In my estimation, athletics—particularly team sports—the opportunities for teachable moments are seemingly endless.   Prior to the conference championships I came upon a piece that, to me, Shined a light on the very highest aspirations of sports.  The journalist John Segeinthaler, now with the Al-Jazeera news organization, pointed out a most heartwarming tidbit about the connection of sports and politics during the run-up to the March Madness frenzy.

As reported in the Tennessean, Nashville’s daily newspaper, during a game with the now Final Four-bound University of South Carolina Gamecocks, the Vandy student-athletes set aside their typical uniforms for ones that Nike made especially for Black History Month.  Each jersey featured the name of Civil Rights leader from the “Volunteer State.” The celebration of so-called Equality Weekend marked the 50th anniversary of former Vandy players Perry Wallace and Godfrey Dillard breaking the SEC basketball color barrier, during the 1966-67 season.

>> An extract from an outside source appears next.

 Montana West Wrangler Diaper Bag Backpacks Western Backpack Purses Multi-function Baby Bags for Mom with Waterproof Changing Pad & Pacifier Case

The following Civil Rights leaders were honored:

George Barrett: A graduate of Vanderbilt law school who helped integrate Tennessee colleges and universities. He died in 2014.
Mary Frances Berry: Former chairwoman of the U.S. Commission on Civil Rights and first black woman to head a major research university.
Adolpho Birch Jr.: First black chief justice of the Tennessee Supreme Court.
Robert Churchwell: Former Nashville Banner reporter and charter member of the National Association of Black Journalists.
Godfrey Dillard: Along with Perry Wallace, broke the SEC basketball color barrier at Vanderbilt in the 1966-67 season.
Coyness Ennix: Founded Kent School of Law, Nashville’s first law school for black attorneys, and served on the Nashville Board of Education during integration.
Francis Guess: Vietnam veteran and business leader who served on Tennessee Commission on Human Rights and U.S. Commission on Civil Rights.
Sen. Thelma Harper: First black woman elected to the Tennessee Senate and served on Nashville Metro Council.
Bishop Joseph Johnson: First black student both admitted to and who graduated from Vanderbilt. He also became first black member of the Vanderbilt University Board of Trust.
The Rev. James Lawson: Famously led the non-violent protests against Nashville’s segregated lunch counters and helped organize the Freedom Rides in 1968.
Ed Martin: Former Negro League pitcher coached South Carolina State and Tennessee State basketball for a combined 30 years and 11 NCAA Tournament appearances.
Leatrice McKissack: Revered architect whose firm oversaw the design of the National Civil Rights Museum in Memphis, the Tuskegee Airbase and MLK Memorial in Washington, D.C.
Walter Murray: Among Vanderbilt’s first black undergraduates, he was vice president of the Student Government Association and founder of the Afro-American Student Association.
Betty Nixon: Longtime member of the Metro Council, two-time mayoral candidate and the first woman to run a Tennessee statewide campaign, as she served as state director of Walter Mondale’s presidential run in 1984.
Rosetta Miller-Perry: Worked closely with Dr. Martin Luther King Jr. in the Southern Christian Leadership Conference, founded the Tennessee Tribune to cover the black community in Nashville and established the Greater Nashville Black Chamber of Commerce.
Dorothy Phillips: In 1967, she became the first black woman to receive an undergraduate degree from Vanderbilt. In 2016, Vanderbilt created a new chair to promote diversity and inclusion and named it in Phillips’ honor.
Richard and Gertrude Rempfer: White professors at Fisk University, the couple aided students in the civil rights movement. They attempted to enroll their children in black schools to fight segregation.
John Seigenthaler: Served 43 years as an award-winning journalist at The Tennessean, advocated civil rights in U.S. Justice Department and founded the First Amendment Center.
Kelly Miller Smith: Longtime Baptist minister, president of the Nashville NAACP, founder of the Nashville Christian Leadership Conference and founding member of the Nashville Urban League.
Ed Temple: One of the most successful coaches in American sports history, leading Tennessee State women’s track and field to 34 national championships. A statue memorializing Temple was unveiled near First Tennessee Park in 2015.
Perry Wallace: Along with Godfrey Dillard, broke the SEC basketball color barrier at Vanderbilt in the 1966-67 season. Wallace was the first black scholarship SEC player in any sport to play a full four-year career.